Опять тяжело гудели похоронные колокола, и долго не высыхала кровь на стене кладбища Пер-Лашез.
Измена великому в пользу ничтожного осуществилась в еще небывалых масштабах. Людям, враждебным народной борьбе или не понимавшим ее смысла и ужасавшимся ее формам, все казалось погибшим, дошедшим до хаоса, из которого нет выхода.
Человек, остановившийся на краю могилы, смотрящий в пустые провалы глазниц черепа, заслонил содержание трагедии. "Гамлет" - поэма смерти, писал Теофиль Готье, драма существования в реальном мире.
Густав Сальвини (сын Томазо) являлся, по словам Луначарского, "монументальным плакальщиком по судьбам человеческим. Кажется, что исполинская черная тень согнувшегося и заплаканного над черепом Йорика датского принца топит всю залу и меланхолическим конусом отбрасывается в пространство миров. Слова, как удары погребального колокола, как музыка отпевания всех надежд..."(А. Луначарский. Театр и революция. М., 1924, стр. 462.)
Гамлетизм вошел в моду. Мистическая утонченность переходила в бульварную пошлость. На Монмартре в кабаках для туристов пьянствовали, сидя на гробах, бросали окурки в черепа; в жаргоне богемных кварталов появились новые словообразования - "гамлетомания", "гамлетоманиак", "гамлетизировать". Один из исследователей перечислил несколько десятков подобных словечек.
Слово "кризис" прилипло к трагедии. Во множестве сочинений утверждалось: "Гамлет" - кризис разума, веры, знания, надежды. Какой-то универсальный кризис.

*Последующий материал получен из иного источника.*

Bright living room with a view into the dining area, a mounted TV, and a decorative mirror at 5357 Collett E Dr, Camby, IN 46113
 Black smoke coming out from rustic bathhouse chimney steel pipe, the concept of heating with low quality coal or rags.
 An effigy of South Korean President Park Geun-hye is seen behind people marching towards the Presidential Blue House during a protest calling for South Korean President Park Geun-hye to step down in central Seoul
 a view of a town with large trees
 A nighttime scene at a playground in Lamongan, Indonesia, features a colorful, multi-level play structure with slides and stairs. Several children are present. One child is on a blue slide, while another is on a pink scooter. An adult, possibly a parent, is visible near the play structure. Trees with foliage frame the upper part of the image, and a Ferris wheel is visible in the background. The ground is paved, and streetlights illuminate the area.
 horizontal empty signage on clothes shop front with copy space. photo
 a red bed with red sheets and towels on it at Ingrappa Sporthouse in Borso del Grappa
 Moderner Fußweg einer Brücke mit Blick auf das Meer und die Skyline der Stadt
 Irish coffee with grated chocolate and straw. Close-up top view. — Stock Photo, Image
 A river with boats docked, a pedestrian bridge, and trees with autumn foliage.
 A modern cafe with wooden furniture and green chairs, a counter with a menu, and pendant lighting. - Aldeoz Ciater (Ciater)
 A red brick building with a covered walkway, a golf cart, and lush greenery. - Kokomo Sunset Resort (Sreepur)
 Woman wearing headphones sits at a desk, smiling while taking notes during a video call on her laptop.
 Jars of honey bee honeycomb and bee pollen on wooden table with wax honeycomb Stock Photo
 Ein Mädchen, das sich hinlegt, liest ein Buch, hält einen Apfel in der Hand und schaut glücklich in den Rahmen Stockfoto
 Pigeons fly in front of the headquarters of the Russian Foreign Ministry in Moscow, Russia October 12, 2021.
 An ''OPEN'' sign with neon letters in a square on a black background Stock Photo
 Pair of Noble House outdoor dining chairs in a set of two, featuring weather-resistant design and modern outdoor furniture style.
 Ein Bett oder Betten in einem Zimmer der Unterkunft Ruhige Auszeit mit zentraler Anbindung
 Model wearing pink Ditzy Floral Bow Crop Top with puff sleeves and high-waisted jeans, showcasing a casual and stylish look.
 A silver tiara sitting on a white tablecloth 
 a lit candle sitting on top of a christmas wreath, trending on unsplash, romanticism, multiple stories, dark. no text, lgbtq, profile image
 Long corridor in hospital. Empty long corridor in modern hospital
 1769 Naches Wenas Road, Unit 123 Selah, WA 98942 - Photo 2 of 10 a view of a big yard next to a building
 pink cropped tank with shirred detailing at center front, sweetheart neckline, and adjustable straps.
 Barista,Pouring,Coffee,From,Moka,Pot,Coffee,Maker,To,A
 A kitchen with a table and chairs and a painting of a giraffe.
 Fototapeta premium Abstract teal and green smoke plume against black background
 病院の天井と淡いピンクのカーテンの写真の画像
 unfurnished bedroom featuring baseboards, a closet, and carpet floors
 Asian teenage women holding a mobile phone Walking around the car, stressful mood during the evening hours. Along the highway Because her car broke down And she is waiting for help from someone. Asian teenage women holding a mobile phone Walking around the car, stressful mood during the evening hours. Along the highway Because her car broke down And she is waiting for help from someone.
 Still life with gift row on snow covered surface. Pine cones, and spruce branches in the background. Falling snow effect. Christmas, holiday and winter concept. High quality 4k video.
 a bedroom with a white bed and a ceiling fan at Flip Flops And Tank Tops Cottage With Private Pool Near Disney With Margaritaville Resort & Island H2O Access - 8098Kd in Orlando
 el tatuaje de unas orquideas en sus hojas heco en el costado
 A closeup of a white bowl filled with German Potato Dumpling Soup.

Маленьким, еле произносимым стало слово "быть!", огромным, утверждающим-"не быть!" Пьеса стала символом гибели европейской культуры. Все стало иероглифами: книга - тщетность знания, череп Йорика - итог надежд, тень отца - бездна, куда падает человечество.
Ассоциации достигли такой сложности, что текст Шекспира никак не мог быть их источником. Это не смущало. Слова воспринимались как шифр, скрывающий смысл, имеющий мало общего с непосредственно вычитываемым. Началась пора отыскивания тайного значения каждой фразы. Все показалось смутным и зыбким; обыденных, постигаемых разумом положений уже не существовало. Выяснилось, что Шекспир сочинял не образы, но тайнопись.
Гамлетизм стал гиперболой. Поэты, философы, ученые, потрясенные силой жизненных противоречий, не видевшие выхода из них, символизировали этим образом всю европейскую культуру и при его помощи оплакивали ее гибель.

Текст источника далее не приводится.